I live in Jakarta. It is a huge huge city, teeming with
people. People who don't believe in disposing of things in ways that we
do in N. America. Where there are sewers here, they are not covered but
open ditches running along the side of the roads. Frequently on my way
to work I am dodging trash being flung from car windows or open bus doors,
along with closing my eyes to get through the smoke of trash fires burning
on the sides of the roadways or in the aforementioned open sewers.

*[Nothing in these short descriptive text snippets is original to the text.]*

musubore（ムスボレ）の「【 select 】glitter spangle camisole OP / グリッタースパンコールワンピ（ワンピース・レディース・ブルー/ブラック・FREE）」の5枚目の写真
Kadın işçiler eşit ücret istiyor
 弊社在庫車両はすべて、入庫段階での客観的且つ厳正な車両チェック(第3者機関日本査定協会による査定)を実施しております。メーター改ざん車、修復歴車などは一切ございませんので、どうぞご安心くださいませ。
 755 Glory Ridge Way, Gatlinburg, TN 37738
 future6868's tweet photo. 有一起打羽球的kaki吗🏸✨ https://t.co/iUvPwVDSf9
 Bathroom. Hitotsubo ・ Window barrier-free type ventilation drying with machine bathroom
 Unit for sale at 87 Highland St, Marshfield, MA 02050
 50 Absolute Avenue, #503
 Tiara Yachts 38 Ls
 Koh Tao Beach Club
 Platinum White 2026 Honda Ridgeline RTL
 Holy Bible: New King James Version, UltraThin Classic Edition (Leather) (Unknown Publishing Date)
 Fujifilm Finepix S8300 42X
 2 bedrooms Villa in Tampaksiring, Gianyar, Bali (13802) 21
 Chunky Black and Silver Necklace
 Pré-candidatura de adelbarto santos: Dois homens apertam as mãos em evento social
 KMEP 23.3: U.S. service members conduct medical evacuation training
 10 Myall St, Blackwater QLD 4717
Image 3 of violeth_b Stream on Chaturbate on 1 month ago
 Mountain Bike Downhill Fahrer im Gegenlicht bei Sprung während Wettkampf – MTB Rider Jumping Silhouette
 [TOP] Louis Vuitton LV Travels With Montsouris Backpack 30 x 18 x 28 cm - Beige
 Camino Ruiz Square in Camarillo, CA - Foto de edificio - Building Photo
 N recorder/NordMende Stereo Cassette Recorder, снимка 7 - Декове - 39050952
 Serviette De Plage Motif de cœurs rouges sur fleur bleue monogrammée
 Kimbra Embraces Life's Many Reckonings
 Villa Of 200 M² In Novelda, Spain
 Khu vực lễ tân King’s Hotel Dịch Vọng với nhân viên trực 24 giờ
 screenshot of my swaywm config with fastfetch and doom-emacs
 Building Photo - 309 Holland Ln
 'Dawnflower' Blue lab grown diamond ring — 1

I live in Jakarta. It is a huge, huge city on the island of Java. When
people lived and died for spices hundreds of years ago, the Dutch and
English and other seafaring explorers came here on their wooden ships
to trade and pillage. When they arrived they would de-rat their ships.
I live in Jakarta. It is a huge huge city teeming with rats. Susie our
dog has killed one or two in our time here. I am scared to death of them.
That all dates back to an experience I had putting on my shoes in my parents
garage when I was a kid in Iowa. I generally am the one to walk Susie
at night before we go to bed. On any given night there is something moving
in the open sewers, there is rustling in the garbage 'pits', stuff is
crawling in the shadows and squeaking all around us. Susie is at full
alert as she is a rat-dog and I am filled with the heebie-jeebies. On
a rainy night it is even worse as they must get flooded out of their holes
and then party in the streets.
In the early mornings my fears are vindicated. There were rats all around
us as we took our evening walk last night. I leave for work before 6 a.m.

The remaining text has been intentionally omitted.